Firstly, Hemingway's book's structure corresponds to my experience, I think. Before I started reading this book, I decided that I was going to try to journal (one of the professors at NYU Paris told us all about how he journaled all through South America when he went to teach english and travel there for a year, and he relayed his experience with it as being as extremely rewarding). So, I bought a notebook, sat down at a café, then tried to think of how to write about my experience in Paris...I contemplated for a while before I put pen to paper- should I write it like an article? Should I write how I'm feeling? What I'm seeing? Should I write it for an audience?
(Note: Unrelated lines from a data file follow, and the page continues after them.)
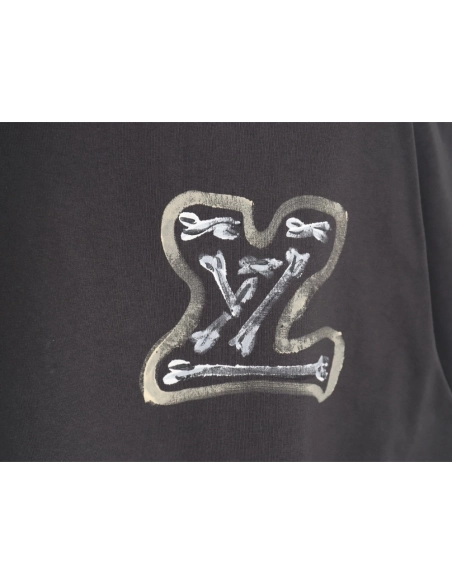 Reps Louis Vuitton washed damaged hand-painted round neck T-shirt,All order with free shipping Reps Louis Vuitton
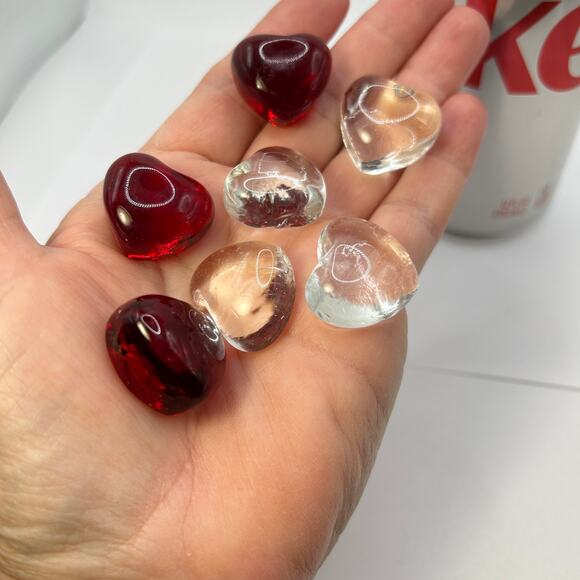 Lot of 7 Small Glass Hearts 4 Clear 3 Red - Picture 3 of 4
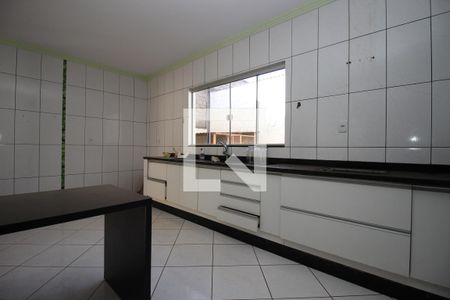 Casa de condomínio para alugar com 200m², 3 quartos e 2 vagasCozinha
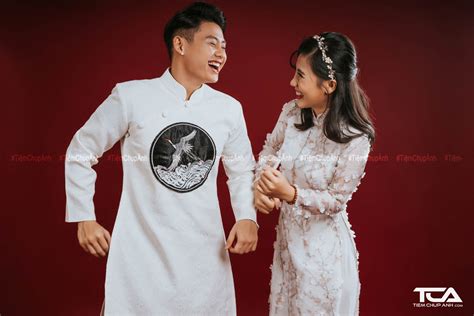 Chụp ảnh với bao lì xì đẹp Concept cực hot trong tết năm nay Cho Thuê Studio Thiết Bị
Should I pretend that my great granddaughter will read this if she ever comes to Paris? That sort of thing.
While I was trying to decide how to go about it, I watched an interaction between a little girl with her non-french family, and a man trying to do some law reading for a class. She kept waving at him through a window, while her family was too busy looking at a map to pay attention to her. He'd look up, smile a toothy grin revealing uneven teeth and crinkling eyes, and wave back occasionally- flattered that this little girl was so enamored with him. When her family was ready to go they finally noticed that she'd been staring at the man through the window, upon which they made faces of regret assuming she had been bothering him. He shook his head slightly to indicate that that was not the case. The mother then took the little girl by her hand so as to lead her along their path to their hotel, friends home, next monument or whatnot. The little girl then turned around, stuck her lips to her palm, and blew the reading man a kiss. He blew one in return, and she waddled away, her pudgy hand in that of her mother's.
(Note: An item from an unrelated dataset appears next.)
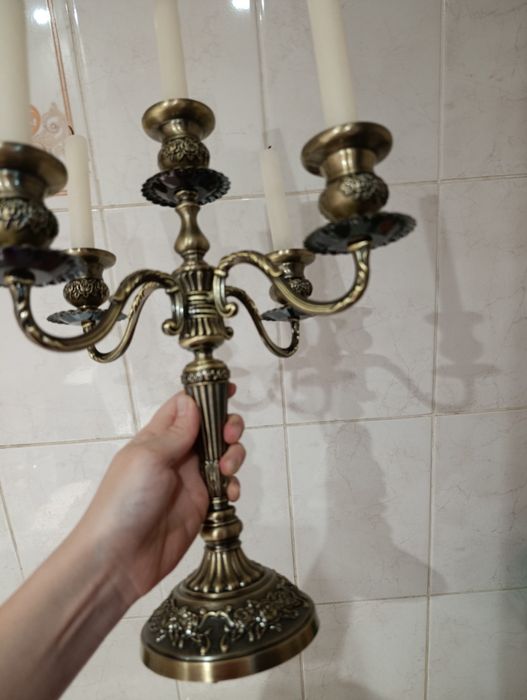 Продам новый канделябр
I then realized that that moment was just part of my life here, and that documenting things like that simple, darling interaction was how I should go about documenting my time in Paris. For me, Paris had been (before reading this book) and has been my experiencing things like those simple moments. In this sense, the way Hemingway writes about Paris makes sense to me...In snippets of his life. While yes, there is continuity from one petit chapter (if you would call them that) to another, Hemingway's book is like reading a bunch of his own little moveable feasts, his collection of memories. From a chapter about the first time he met Gertrude Stein, to a chapter about Fitzgerald, to a chapter about horse racing, to a short chapter about Shakespeare & Co...Hemingway shows us his Paris through his snippets of his moments in time.
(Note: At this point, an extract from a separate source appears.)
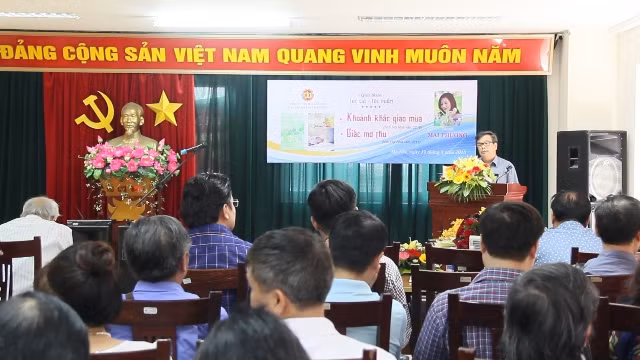 Quang cảnh buổi giới thiệu sách. Quang cảnh buổi giới thiệu sách.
Lastly, Hemingway's idea of "A Moveable Feast" Although, as the introduction tells me, Hemingway never actually named his book about his time in Paris "A Moveable Feast," it was taken from a quote of his referring to books as being moveable feasts...That sentiment is something I find appealing- an amassment of memories, all your own. While he writes about Hadley Richardson (his first wife), and how they were essentially poor, but so in love, that was from a time before he did this writing (he eludes to how he should have knocked on wood when she said something like "we always have good luck, Tatie"...foreshadowing their future end). Even so, he is able to write about her in that time
in Paris- in that moment- in those moments when she was essential to him, and they were living their lives amongst the monuments (Hemingway has a tendency of describing exactly where he is/what paths he takes in Paris, which I like) and well-known writers, and painters. He is able to capture his memories, his moveable feasts, and put them to paper. We all have them, our memories/sentiments/knowledge of how we felt about someone or something at some time in our pasts...and those are ours to carry with us forever. I think that can be good or bad, but it's kind of reassuring to know that no matter where we go we'll always have some sort of access to the things that make us us, our memories, our moveable feasts.